Operating a large crane requires focusing on several different things simultaneously. To ensure smooth and safe navigation, the crane’s ability to read its environment, especially its own motion in relation to other moving things, is crucially important to help avoid collisions with obstacles, let alone people.
Konecranes has been collaborating with the University of Helsinki since 2020 to apply computer vision and deep learning to crane navigation, and the company has recently made a new donation to fund the university’s research on developing better computer vision methods. But how does this help with crane operations in practice?
Automation-assisted crane navigation needs to provide efficient and safe motion while addressing the increasing demand for data and computing power that advanced computer vision technology requires. Consequently, one of the key objectives of the University of Helsinki research project is to develop more efficient computer vision methods that use less energy, for example, by being able to function with a one-lens camera, which is more affordable than the sensors traditionally used for 3D imaging, such as stereo cameras.
When the cranes’ operating environment becomes increasingly complex due to obstacles, the cranes need a growing number of sensors attached to them to analyze their surroundings. Smarter and leaner computer vision solutions, such as the ones developed by the research project, can provide more cost-efficient sensors.
Navigating research challenges
Perfecting computer vision still faces many challenges. In certain tasks, such as recognizing objects and finding small details, computer vision already performs much better than human vision. However, understanding context and calculating distances continue to cause significant issues.
The research project at the University of Helsinki is making strides in enabling the use of simpler, one-lens cameras for measuring distance and motion in computer vision. “In the past six months, we have made breakthroughs in making cranes and other machinery measure distances better with a one-lens camera,” says Laura Ruotsalainen, Professor of Spatiotemporal Data Analysis for Sustainability Science at the Department of Computer Science at the University of Helsinki, who leads the research project.
“The issue of calculating distances has now been partially resolved, although computer vision technology still has challenges in more complex operating environments that have, for example, clear or reflective surfaces with few visible shapes,” Ruotsalainen says.
Collaboration brings benefits to all parties
The research project has also benefited from the test crane ‘Ilmatar’ which Konecranes has donated to Aalto University for research and teaching purposes. Earlier in the project, a lot of data on crane navigation was gathered using Ilmatar. Currently, the focus is on analyzing the acquired data, utilizing open data sets, and conducting image analysis to provide research with usable synthetic data.
The field of computer vision also attracts considerable interest from students. With the cutting-edge knowledge and competence the research program provides, graduates can usually find employment quickly in the private sector, perhaps also at Konecranes in the future. The University of Helsinki and Konecranes share a common goal – to strengthen Finland’s expertise in the field of computer vision.
“Our permanent team is rather small, so we need a constant flow of students to keep the research going. Konecranes’ donation has directly benefited the project as it has enabled us to employ a new doctoral student,” Ruotsalainen notes.
The research project has already produced one doctoral thesis focusing on developing methodology for any machine to better understand its surroundings, as well as several master’s theses on various related topics.

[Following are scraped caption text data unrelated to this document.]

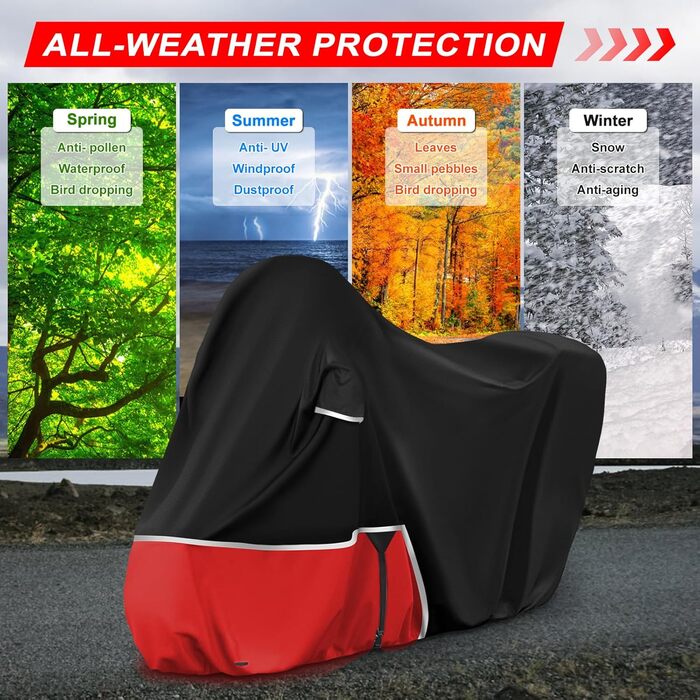 Водонепроникний чохол для мотоцикла Piaggio MP3 400/500 (з кофром), чорний та червоний, 420D Oxford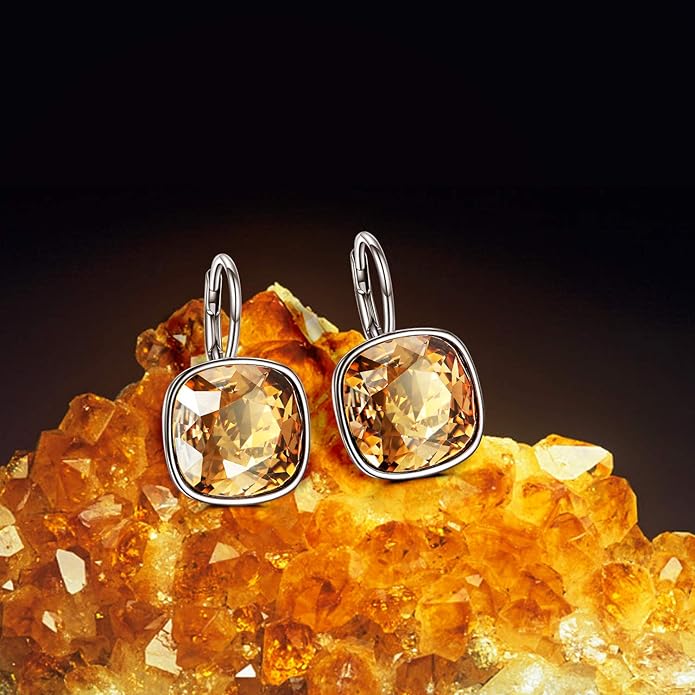 AOBOCO Sterling Silver Leverback Earrings Embellished with Crystals from Austria, Hypoallergenic Cushion Cut Square Crystal Earrings, Fine Anniversary Birthday Jewelry Gifts for Women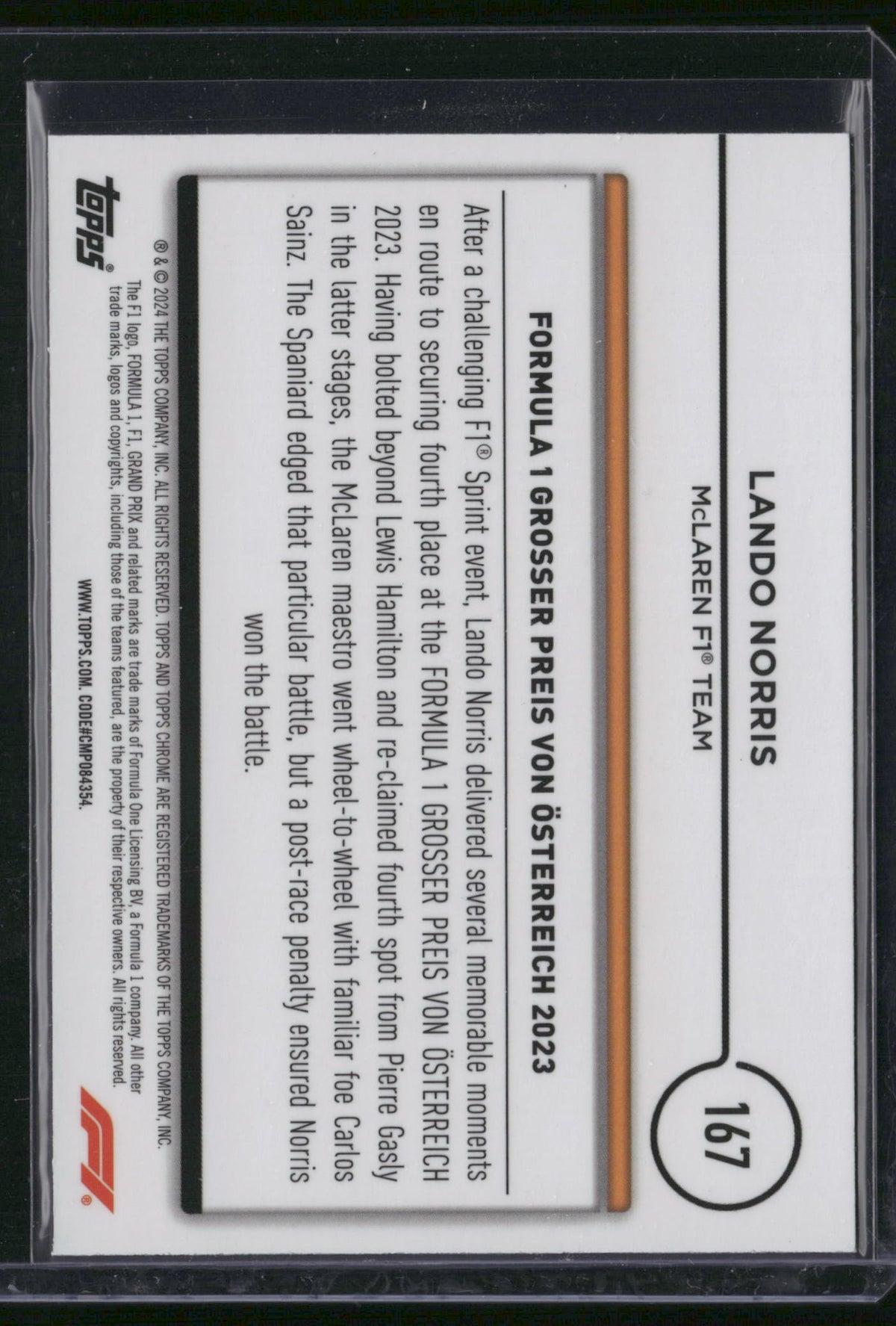 Lando Norris 2024 Topps Chrome Formula 1 #167 Cracked Ice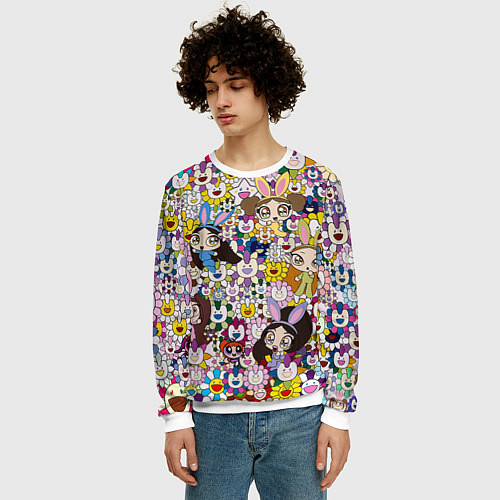 Мужской свитшот Right now NewJeans and Takashi Murakami / 3D-Белый – фото 3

The University of Helsinki conducts academic research around computer vision, developing new mathematical models that form the foundation of Konecranes’ more practical research on the topic. Both the research conducted by the university and Konecranes’ own research are indispensable for future applications to be as safe and efficient to use in real life as possible.
“For Konecranes, at the heart of this collaboration is sharing information about technical and methodological advancements. We are the first to learn about the latest scientific breakthroughs related to methods, acquiring deeper insight into what is happening at the forefront of computer vision development. Our donation to the research project is part of Konecranes’ commitment to contribute to Finnish research that is meaningful from our perspective,” says Sami Terho, Senior Specialist, Crane Intelligence at Konecranes.
New innovations ahead
Although the short-term goal of the research project is to better understand crane navigation in increasingly challenging environments, the project also has larger ambitions.
“In the future, the scope of the project could be broadened from computer vision methods to researching the optimal balance between efficiency, safety, and sustainability in crane operations,” Ruotsalainen says.